- _Given data_
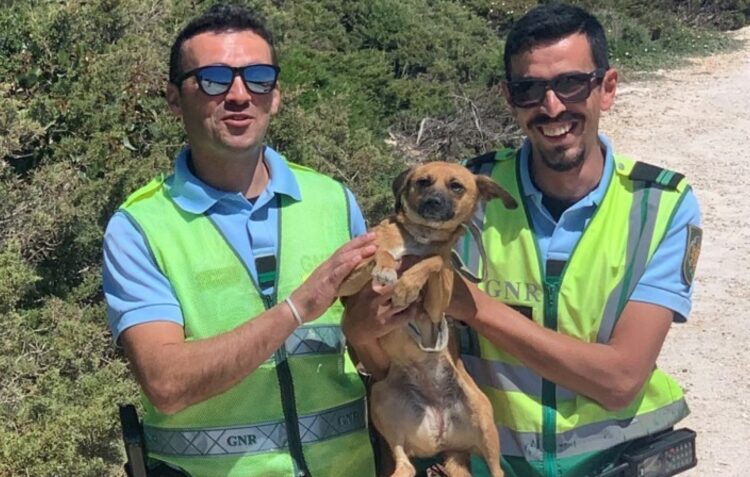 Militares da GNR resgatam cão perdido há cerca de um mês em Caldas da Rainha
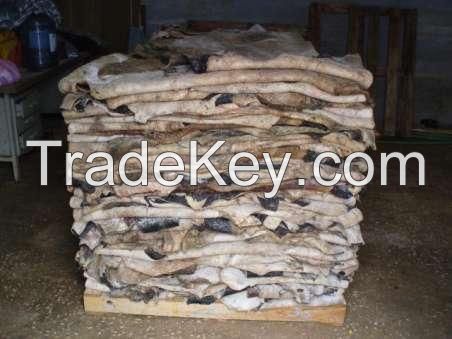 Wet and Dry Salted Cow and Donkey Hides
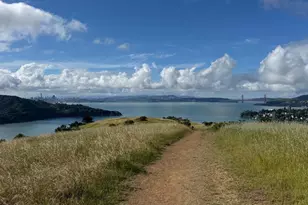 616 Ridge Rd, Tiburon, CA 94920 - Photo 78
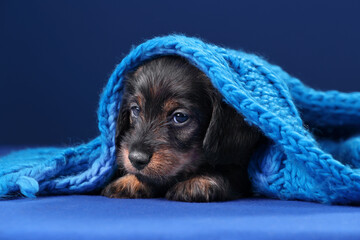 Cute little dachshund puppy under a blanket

- _What the task asks_
Each line above should be returned exactly as written, apart from any pictures.

- _Task answer_
 Militares da GNR resgatam cão perdido há cerca de um mês em Caldas da Rainha
 Wet and Dry Salted Cow and Donkey Hides
 616 Ridge Rd, Tiburon, CA 94920 - Photo 78
 Cute little dachshund puppy under a blanket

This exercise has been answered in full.